Die Klägerin hat die Auffassung vertreten, die Werbung der Beklagten mit der Angabe „geprüft nach EN-Standard“ stelle einen Wettbewerbsverstoß dar, weil die Beklagte nicht näher darüber informiere, auf welche Weise die Ergebnisse der – angeblichen – Prüfung zu erhalten seien. Die Ergebnisse von Prüfungen durch Dritte – und damit erwartungsgemäß durch neutrale Stellen – seien für den Verbraucher bei seiner Entscheidungsfindung von besonderer Bedeutung. Für eine Werbung mit einer „Prüfung nach EN-Standard“ gelte nichts anderes als für eine Werbung mit einem Warentest-Ergebnis. Um eine informierte Entscheidung treffen zu können, benötige der Verbraucher Angaben zum Gegenstand der Prüfung, zur Prüfungstiefe und –breite sowie zum Prüfungsergebnis. Hinter der Anlegung der neuen Artikeldetailseite für den Lastenanhänger der D GmbH stecke ein perfides System der Verbrauchertäuschung, das zu schwerwiegenden Verletzungen von Verbraucher- und Mitbewerberinteressen führe. Der Verbraucher, der auf der von der Beklagten angelegten neuen Artikeldetailseite „lande“, werde in den Irrglauben versetzt, die Beklagte sei der einzige Anbieter für das Produkt auf der Internetplattform „Z“ und ein Kauf des Produktes auf dieser Internetplattform sei nur zu dem von der Beklagten verlangten – überhöhten – Preis möglich. Die angesprochenen Verbraucher seien nämlich mit der Praxis der Internetplattform „Z“ vertraut, dass sämtliche Anbieter für ein bestimmtes Produkt an eine Artikeldetailseite „angehängt“ seien. Ihr, der Klägerin, stehe darüber hinaus gegen die Beklagte aufgrund eines – in den Gründen dieses Urteiles nicht wiedergegebenen oder beschriebenen – Angebotes im Internet vom 28.09.2015 ein Anspruch auf Zahlung einer Vertragsstrafe in Höhe von 3.500,00 € wegen eines Verstoßes gegen eine von der Beklagten im Oktober 2014 abgegebene strafbewehrte Unterlassungserklärung im Zusammenhang mit der Werbung mit Garantien zu.

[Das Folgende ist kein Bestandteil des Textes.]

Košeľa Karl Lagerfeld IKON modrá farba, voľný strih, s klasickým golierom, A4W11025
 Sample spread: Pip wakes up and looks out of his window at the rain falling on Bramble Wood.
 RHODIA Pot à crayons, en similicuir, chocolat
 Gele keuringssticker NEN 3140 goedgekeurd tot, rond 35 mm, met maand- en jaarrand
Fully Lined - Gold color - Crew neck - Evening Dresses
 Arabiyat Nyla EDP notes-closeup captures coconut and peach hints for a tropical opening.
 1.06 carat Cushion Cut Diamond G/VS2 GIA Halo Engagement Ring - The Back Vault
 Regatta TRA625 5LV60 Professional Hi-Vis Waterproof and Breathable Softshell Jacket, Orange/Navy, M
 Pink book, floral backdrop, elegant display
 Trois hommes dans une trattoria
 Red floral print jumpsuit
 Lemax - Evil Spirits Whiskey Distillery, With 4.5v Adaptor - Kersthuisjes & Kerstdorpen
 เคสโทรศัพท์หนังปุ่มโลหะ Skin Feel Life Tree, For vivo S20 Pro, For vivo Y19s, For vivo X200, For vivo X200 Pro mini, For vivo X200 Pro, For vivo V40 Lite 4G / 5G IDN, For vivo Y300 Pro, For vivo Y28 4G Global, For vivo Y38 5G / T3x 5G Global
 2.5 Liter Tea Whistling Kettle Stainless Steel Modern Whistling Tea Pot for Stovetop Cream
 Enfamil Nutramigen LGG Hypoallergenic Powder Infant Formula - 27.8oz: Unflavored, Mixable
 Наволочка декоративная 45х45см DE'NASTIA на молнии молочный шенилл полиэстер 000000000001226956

Die Klägerin hat (zuletzt) beantragt,
1. die Beklagte unter Androhung von Ordnungsmitteln zu verurteilen, es zu unterlassen, im geschäftlichen Verkehr zu Wettbewerbszwecken im Bereich des Handels mit Fahrrädern und Zubehörwaren alternativ oder kumulativ
a) Waren mit Hinweisen auf Prüfungen, denen die Waren unterzogen worden sein sollen, anzubieten, ohne zugleich anzugeben, wie die der erwähnten Prüfung zugrundeliegenden Informationen zu erhalten sind, wie am 04.10.2015 auf der Handelsplattform „Z“ im Angebot mit der Nr. ###1 „B … Scheibenbremsbeläge …“ und aus der Anlage HKMW 2 ersichtlich geschehen;
b) auf der Handelsplattform „Z“ für den Vertrieb von Waren, für die bereits Artikeldetailseiten vorhanden sind, weitere Artikeldetailseiten anzulegen und/oder auf solchen weiteren Artikeldetailseiten Waren anzubieten, wie am 04.10.2015 im Angebot mit der Nr. ###2 „00 Lastenanhänger …“ und aus Anlage HKMW 3 ersichtlich geschehen;
c) auf der Handelsplattform „Z“ in Artikeldetailseiten zu Artikeln ein Kennzeichen zu nennen, das kein Unternehmens- oder Markenzeichen des Herstellers ist, und/oder auf solchen Artikeldetailseiten Waren anzubieten, wie am 04.10.2015 im Angebot mit der Nr. ###2 „00 Lastenanhänger …“ und aus Anlage HKMW 3 ersichtlich geschehen;
d) auf der Handelsplattform „Z“ in Artikeldetailseiten zu Artikeln ein falsches Datum anzugeben, seit dem der Artikel bei „Z“ im Angebot ist, und/oder auf solchen Artikeldetailseiten Waren anzubieten, wie am 04.10.2015 im Angebot mit der Nr. ###2 „00 Lastenanhänger …“ und aus Anlage HKMW 3 ersichtlich geschehen;
2. die Beklagte zu verurteilen, ihr, der Klägerin, Auskunft zu erteilen über den Umfang von Handlungen der unter 1.b),c) und d) erwähnten Art durch Vorlage einer vollständigen Liste sämtlicher von ihr erstellter „doppelter“ Artikeldetailseiten unter Angabe der „NR. neu“ sowie der „EAN neu“ unter jeweiliger Gegenüberstellung der „NR. alt“ sowie der vom Hersteller vergebenen „EAN“ inklusive der Angabe der getätigten Verkäufe einschließlich der jeweils erzielten Kaufpreise;
3. festzustellen, dass die Beklagte verpflichtet ist, ihr, der Klägerin, sämtlichen Schaden zu ersetzen, der ihr, der Klägerin, wegen Handlungen der in 1.b), c) und d) erwähnten Art entstanden ist oder noch entstehen wird;
4. die Beklagte zu verurteilen, an sie, die Klägerin, 3.500,00 € nebst Zinsen in Höhe von fünf Prozentpunkten über dem Basiszinssatz seit dem 15.11.2015 zu zahlen.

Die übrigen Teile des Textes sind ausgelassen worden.